Data entries:
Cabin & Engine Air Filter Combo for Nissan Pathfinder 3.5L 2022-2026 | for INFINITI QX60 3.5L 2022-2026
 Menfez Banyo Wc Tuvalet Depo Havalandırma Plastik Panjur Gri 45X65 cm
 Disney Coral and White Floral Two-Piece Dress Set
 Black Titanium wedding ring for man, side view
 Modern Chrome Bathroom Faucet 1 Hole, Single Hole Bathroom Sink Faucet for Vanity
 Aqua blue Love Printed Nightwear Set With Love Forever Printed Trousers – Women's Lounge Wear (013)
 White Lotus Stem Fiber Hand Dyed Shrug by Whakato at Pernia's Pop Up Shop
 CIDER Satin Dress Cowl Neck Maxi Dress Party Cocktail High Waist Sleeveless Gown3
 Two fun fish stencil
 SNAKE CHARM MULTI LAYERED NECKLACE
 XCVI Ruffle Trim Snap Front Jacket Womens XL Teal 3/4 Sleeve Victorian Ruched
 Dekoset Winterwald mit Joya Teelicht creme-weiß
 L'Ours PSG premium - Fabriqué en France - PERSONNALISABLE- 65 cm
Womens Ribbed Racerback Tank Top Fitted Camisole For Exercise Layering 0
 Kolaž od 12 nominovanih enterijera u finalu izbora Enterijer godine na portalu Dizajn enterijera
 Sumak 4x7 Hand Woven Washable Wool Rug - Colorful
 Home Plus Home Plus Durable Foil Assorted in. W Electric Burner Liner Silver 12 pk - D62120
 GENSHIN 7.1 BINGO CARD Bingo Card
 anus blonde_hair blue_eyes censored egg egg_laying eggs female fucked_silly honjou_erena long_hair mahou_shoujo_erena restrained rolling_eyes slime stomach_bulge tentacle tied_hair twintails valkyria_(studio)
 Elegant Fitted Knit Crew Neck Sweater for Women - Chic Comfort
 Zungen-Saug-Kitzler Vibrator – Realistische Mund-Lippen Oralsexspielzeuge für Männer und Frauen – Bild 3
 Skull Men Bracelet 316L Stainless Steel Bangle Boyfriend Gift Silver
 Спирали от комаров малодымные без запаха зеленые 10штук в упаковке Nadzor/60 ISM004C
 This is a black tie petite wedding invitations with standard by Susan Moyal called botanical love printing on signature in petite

Brief: Exactly as written, please reproduce the lines from the first line of the data to the line containing "Elegant Fitted Knit", inclusive, and nothing else.

Task solution:
Cabin & Engine Air Filter Combo for Nissan Pathfinder 3.5L 2022-2026 | for INFINITI QX60 3.5L 2022-2026
 Menfez Banyo Wc Tuvalet Depo Havalandırma Plastik Panjur Gri 45X65 cm
 Disney Coral and White Floral Two-Piece Dress Set
 Black Titanium wedding ring for man, side view
 Modern Chrome Bathroom Faucet 1 Hole, Single Hole Bathroom Sink Faucet for Vanity
 Aqua blue Love Printed Nightwear Set With Love Forever Printed Trousers – Women's Lounge Wear (013)
 White Lotus Stem Fiber Hand Dyed Shrug by Whakato at Pernia's Pop Up Shop
 CIDER Satin Dress Cowl Neck Maxi Dress Party Cocktail High Waist Sleeveless Gown3
 Two fun fish stencil
 SNAKE CHARM MULTI LAYERED NECKLACE
 XCVI Ruffle Trim Snap Front Jacket Womens XL Teal 3/4 Sleeve Victorian Ruched
 Dekoset Winterwald mit Joya Teelicht creme-weiß
 L'Ours PSG premium - Fabriqué en France - PERSONNALISABLE- 65 cm
Womens Ribbed Racerback Tank Top Fitted Camisole For Exercise Layering 0
 Kolaž od 12 nominovanih enterijera u finalu izbora Enterijer godine na portalu Dizajn enterijera
 Sumak 4x7 Hand Woven Washable Wool Rug - Colorful
 Home Plus Home Plus Durable Foil Assorted in. W Electric Burner Liner Silver 12 pk - D62120
 GENSHIN 7.1 BINGO CARD Bingo Card
 anus blonde_hair blue_eyes censored egg egg_laying eggs female fucked_silly honjou_erena long_hair mahou_shoujo_erena restrained rolling_eyes slime stomach_bulge tentacle tied_hair twintails valkyria_(studio)
 Elegant Fitted Knit Crew Neck Sweater for Women - Chic Comfort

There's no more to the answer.